The female employment ban was felt greatly in the education system. Within Kabul alone, the ruling affected 106,256 girls, 148,223 male students, and 8,000 female university undergraduates. 7,793 female teachers were dismissed, a move that crippled the provision of education and caused 63 schools to close due to a sudden lack of educators. Some women ran clandestine schools within their homes for local children, or for other women under the guise of sewing classes, such as the Golden Needle Sewing School. The learners, parents, and educators were aware of the consequences should the Taliban discover their activities, but for those who felt trapped under the strict Taliban rule, such actions allowed them an opportunity and a sense of self-determination and hope. The Undersecretary of Education Mawlawi Sa'id Shahidkhayl explained in 1998, that education for women was in need of a fatwa regarding its limits.

==== Since 2021 ====
After their takeover of Afghanistan in August 2021, the Taliban initially gender segregated classrooms in universities as long as they "followed Islamic standards". However, in September 2021, they only allowed boys to return to school, preventing most teenage girls from returning to secondary education. The ban did not affect primary schools, but girls' attendance in those schools appeared to also have fallen significantly. In March 2022, the Taliban abruptly reversed their plans to allow girls to resume their secondary school education (defined as grade seven and upwards in Afghanistan). With the exception of the current cohort of university students, this decision leaves graduating from sixth grade as the highest level of educational attainment possible for Afghan women and girls.

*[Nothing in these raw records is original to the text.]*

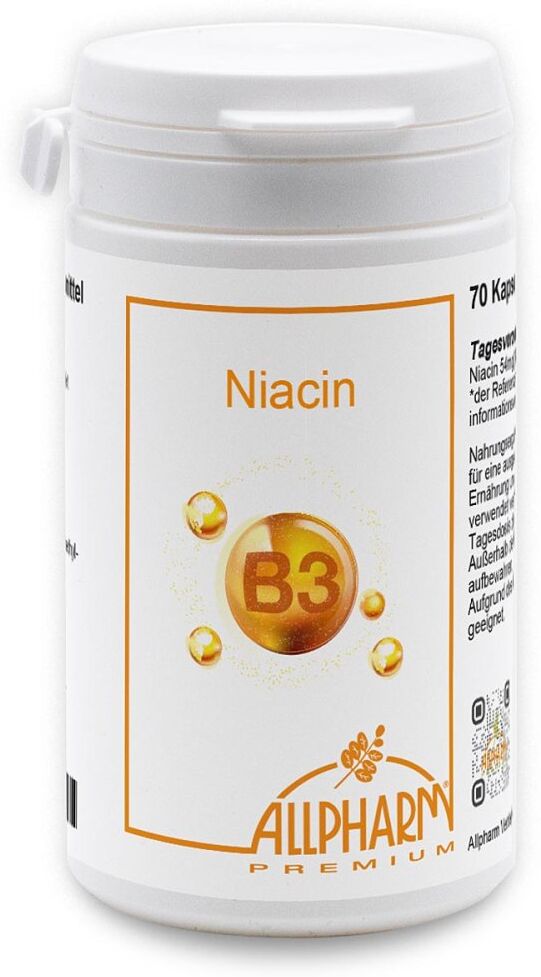 ALLPHARM Niacin Kapseln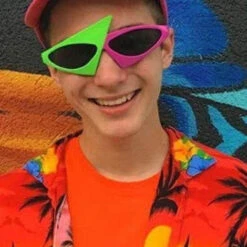 Lunettes Verte & Rose -Beauf Land lunette de soleil homme moche 2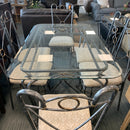 Table and chairs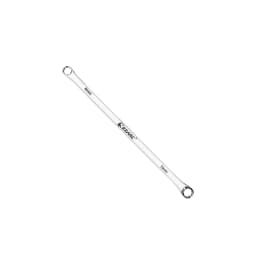 EZARC Extra Long Box End Wrench Metric Combination Durable Aviation Spanner CRV 8mm-19mm Chrome Vanadium Steel Repair Tool 1PC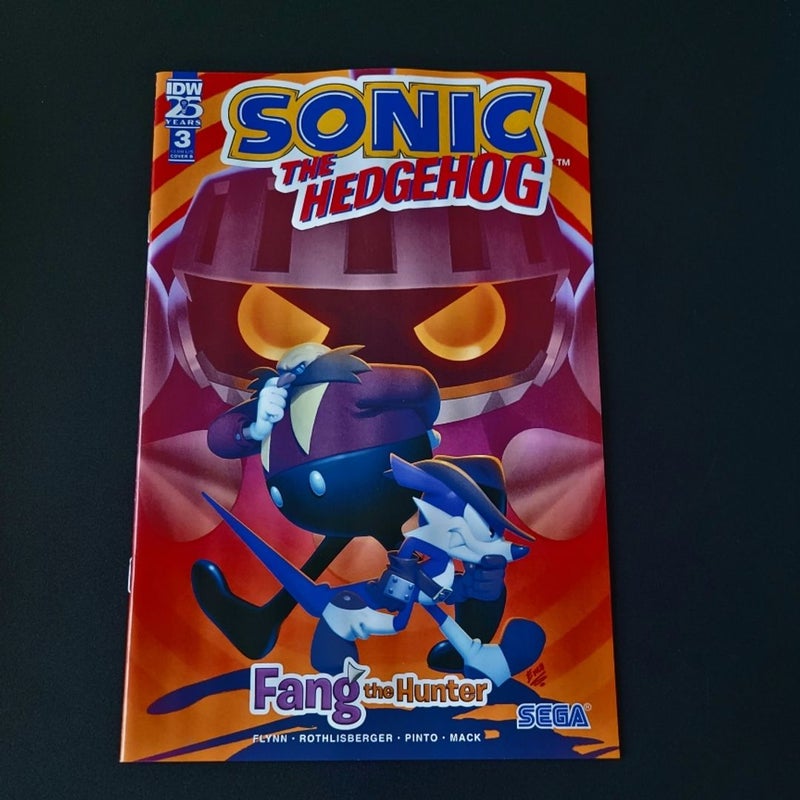 Sonic The Hedgehog: Fang The Hunter #3 by Flynn, Paperback | Pangobooks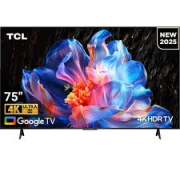 Google Tivi TCL AI 4K 75 inch 75P6K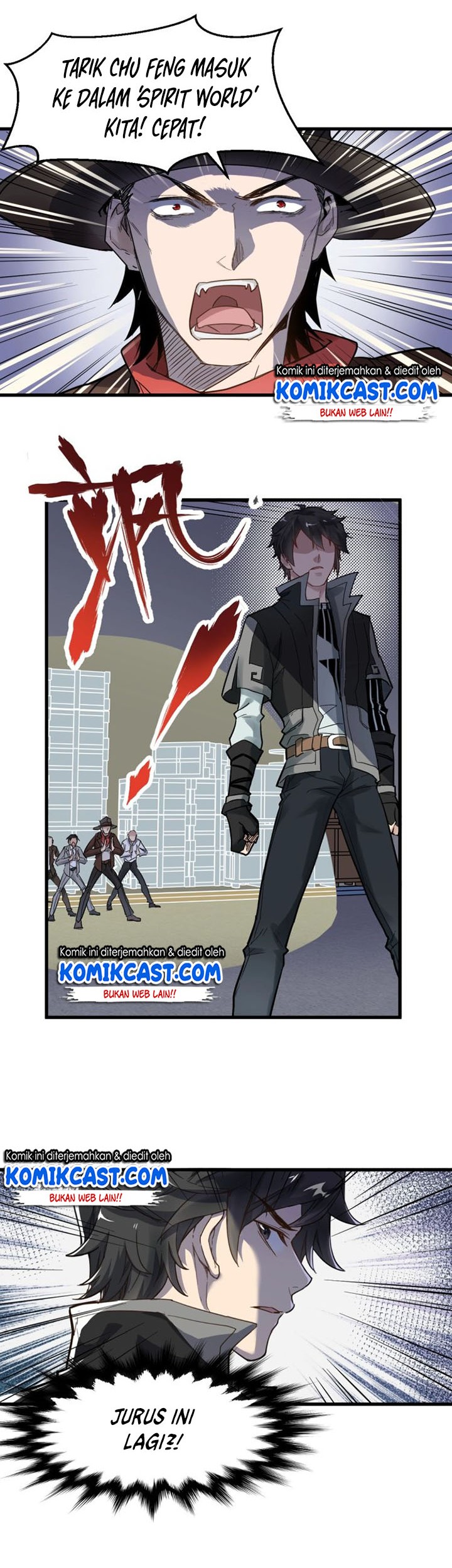 The Sacred Ruins Chapter 58 Gambar 3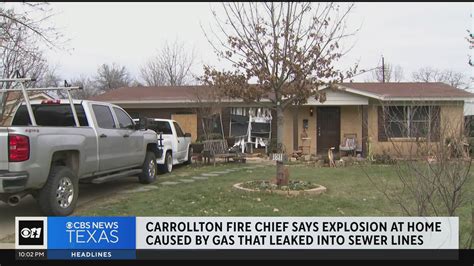 carrollton house explosion|Explosion at Carrollton home injures 1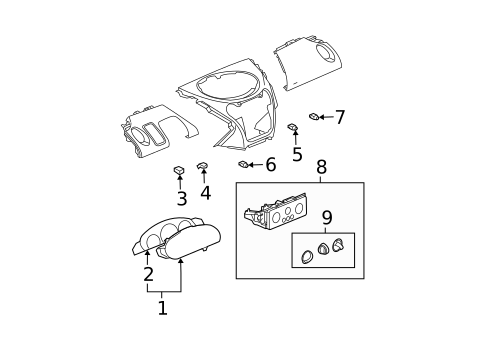 Switches for 2006 Saturn Ion #1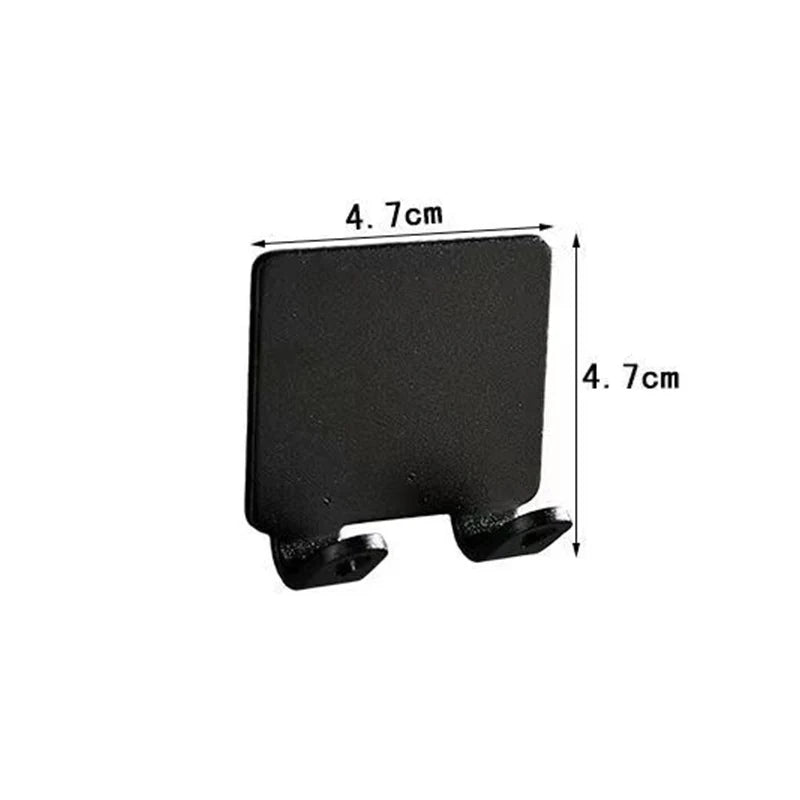 Bathroom Stainless Steel Razor Holder Storage Hook Wall  Men Shaving Shaver Shelf Punch Free Razor RackBathroom Accessories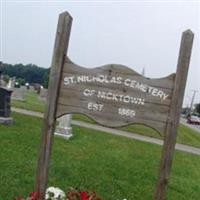 Saint Nicholas Cemetery on Sysoon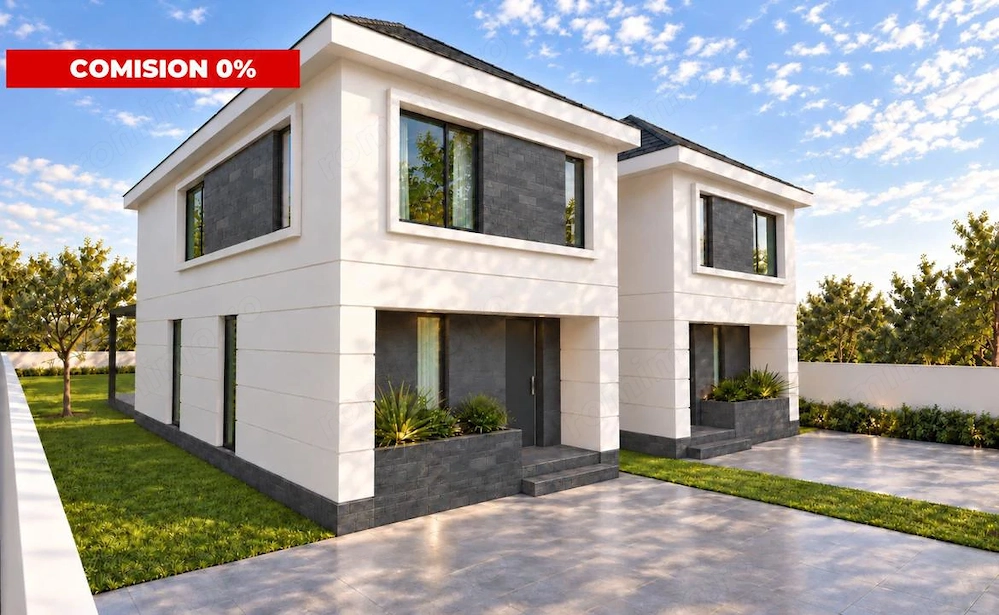 Duplex individual cu 4 camere | Cartier Europa | Mosnita Noua 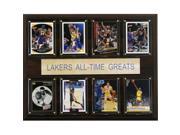 C I Collectables 1215ATGLAL NBA Los Angeles Lakers All Time Greats Plaque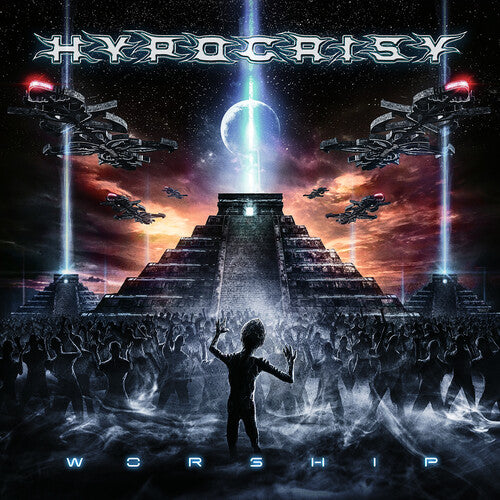 Hypocrisy - Worship [Transparent Blue Curacao] [2LP] |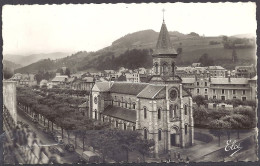 *CPA - 63 - LA BOURBOULE - L'Eglise - La Bourboule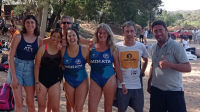 Masters do Aminata participaram na Prova de águas abertas no Açude do Gameiro em Mora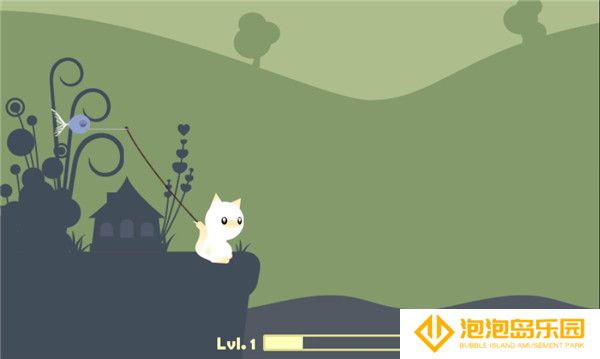 小猫钓鱼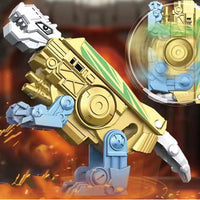 Mechanical Tyrannosaurus Rex (Gold)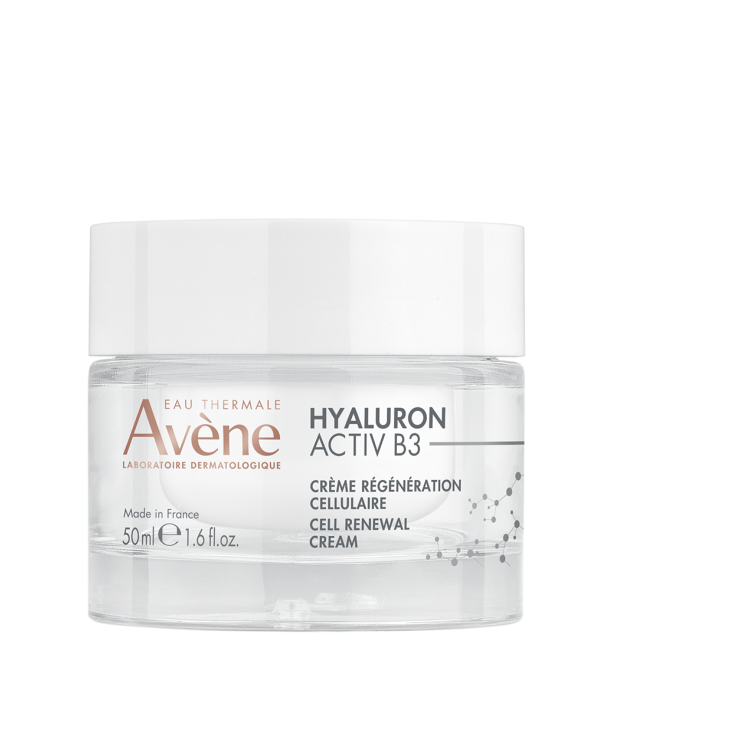 Avène Eau Thermale Hyaluron Activ B3 Crema Rigenerante Cellulare Antirughe 50 ml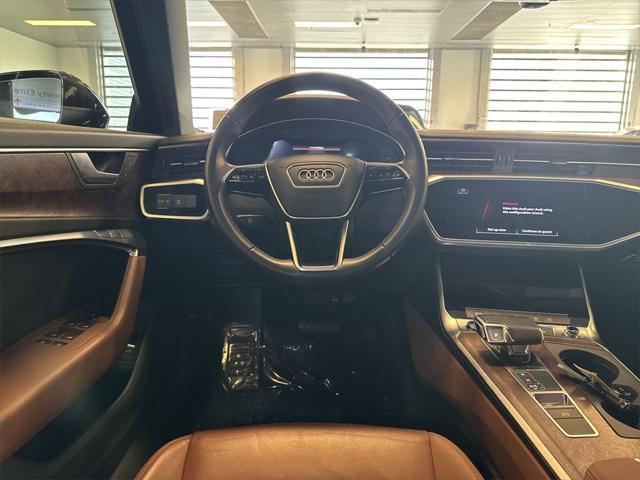 used 2021 Audi A6 car, priced at $33,587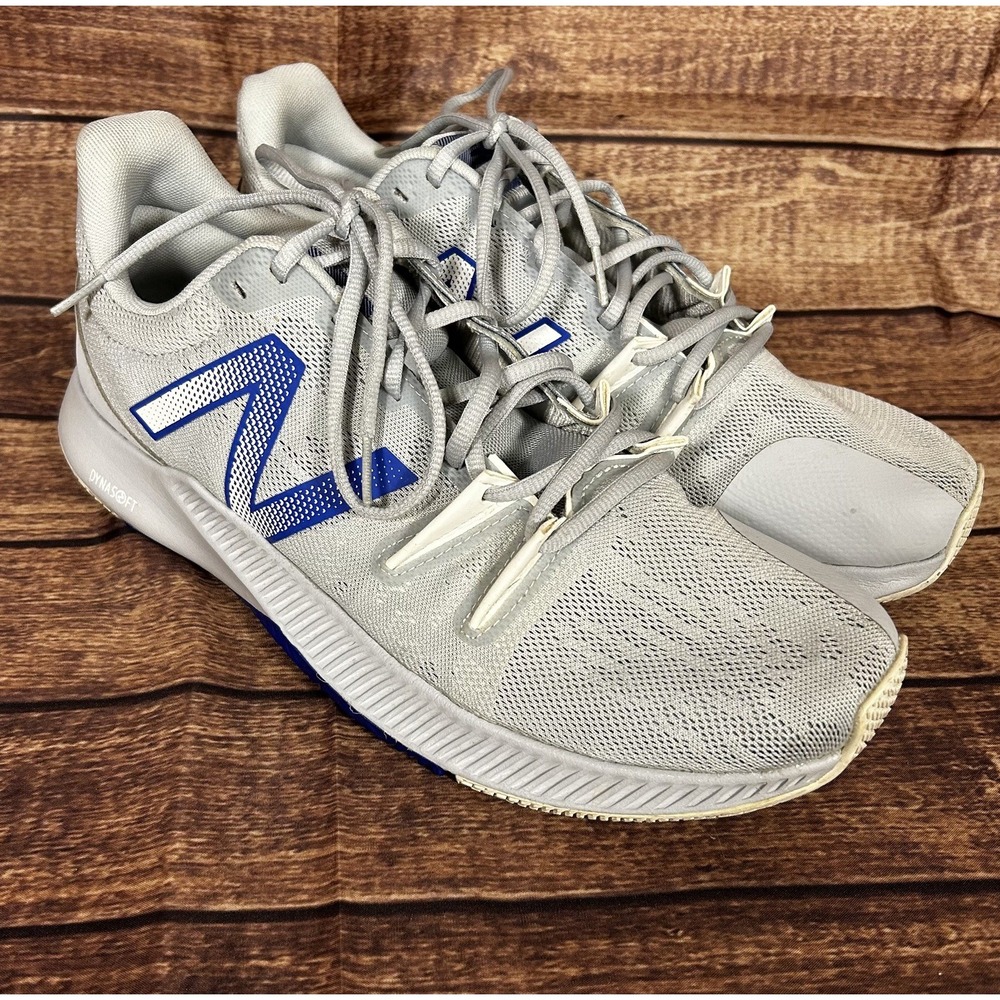 New Balance DynaSoft MXTRNRCR Mens‎ Training Shoes Grey Blue Size 12 MXTRNRCR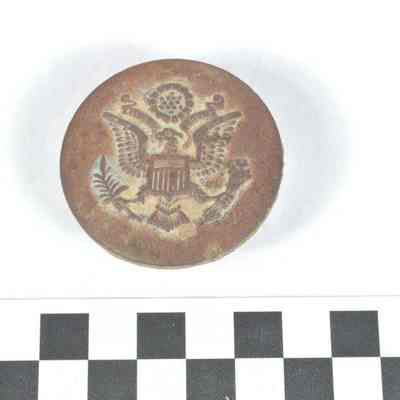 Bridle rosette, World War II-era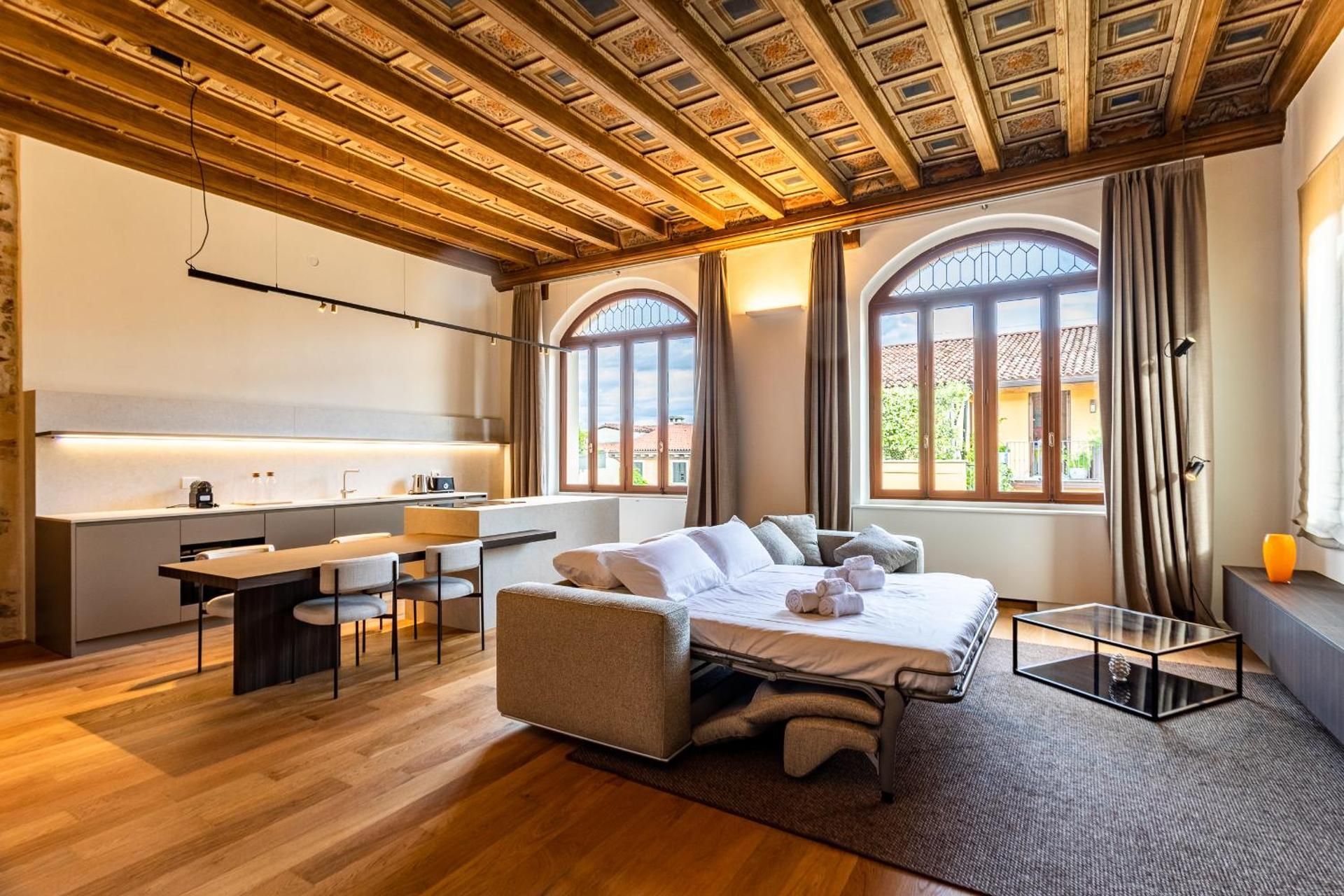 Two-Bedroom Apartment with Terrace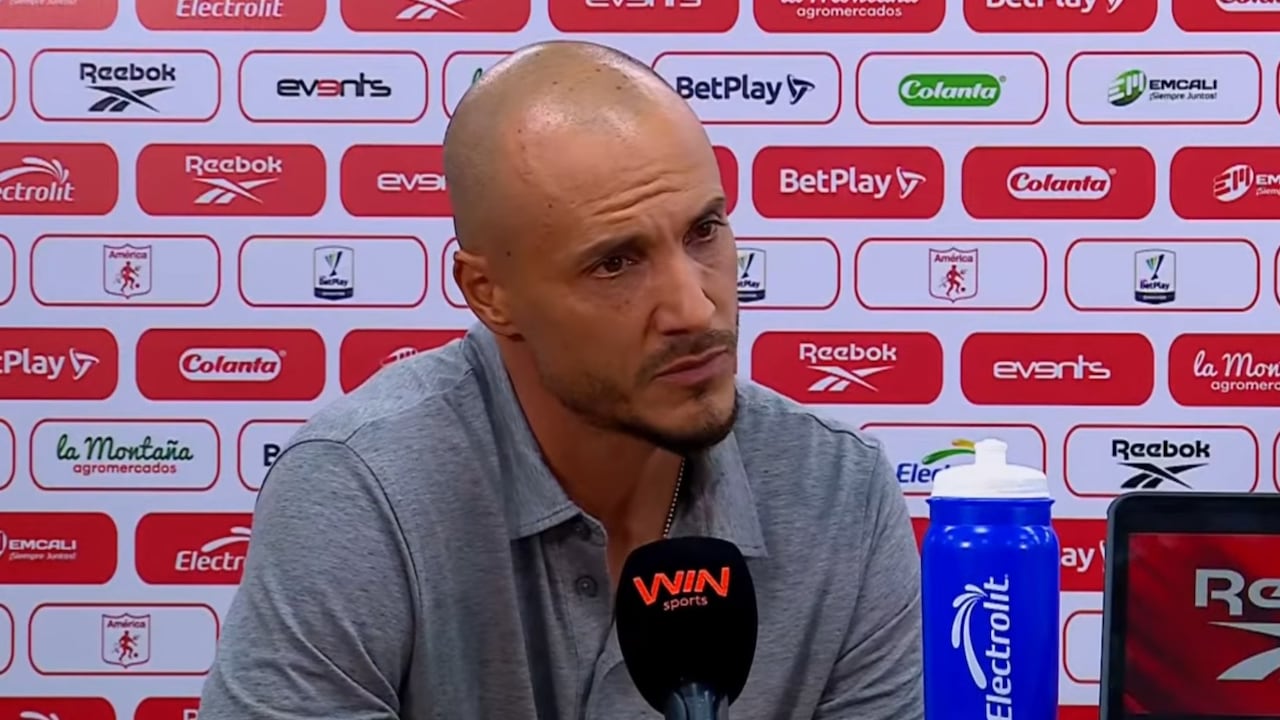 Rueda de prensa del América de Cali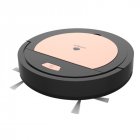 Home Charging Style Automatic Cleaning Vacuum Cleaner Sweeping Robot black_Suction and sweep three-in-one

Secondary schools for boys reopened on schedule. Pakistani Islamic scholars, including Taqi Usmani, urged the Taliban to re-open secondary schools for women.

On 20 December 2022, the Ministry of Higher Education informed the country's public and private universities that women were suspended from university education. The ministry stated that female attendance would remain suspended "until a suitable environment" had been established at universities and promised that it would provide such a setting soon. However, BBC News pointed out that they had previously reneged on similar promises to reopen secondary education. Some Taliban leaders told BBC News that they disagreed with restrictions on female education. The Taliban decision was also widely condemned internationally. Some provinces still allow secondary education for girls despite the ban.

===Government===

On 17 August 2021, shortly after the Fall of Kabul, a senior member of the Taliban cultural commission, Enamullah Samangani, called on women to join the government. In contrast, in early September, the Taliban said that women would not be allowed to "work in high-ranking posts" in the government and "ruled out" women in the Cabinet. The acting Cabinet announced by the Taliban on 7 September consisted only of men.

===Health care===
Prior to the Taliban taking power in Afghanistan, male doctors had been allowed to treat women in hospitals, but the decree that no male doctor should be allowed to touch the body of a woman under the pretext of consultation was soon introduced. With fewer female health professionals in employment, the distances many women had to travel for attention increased while the provision of ante-natal clinics declined.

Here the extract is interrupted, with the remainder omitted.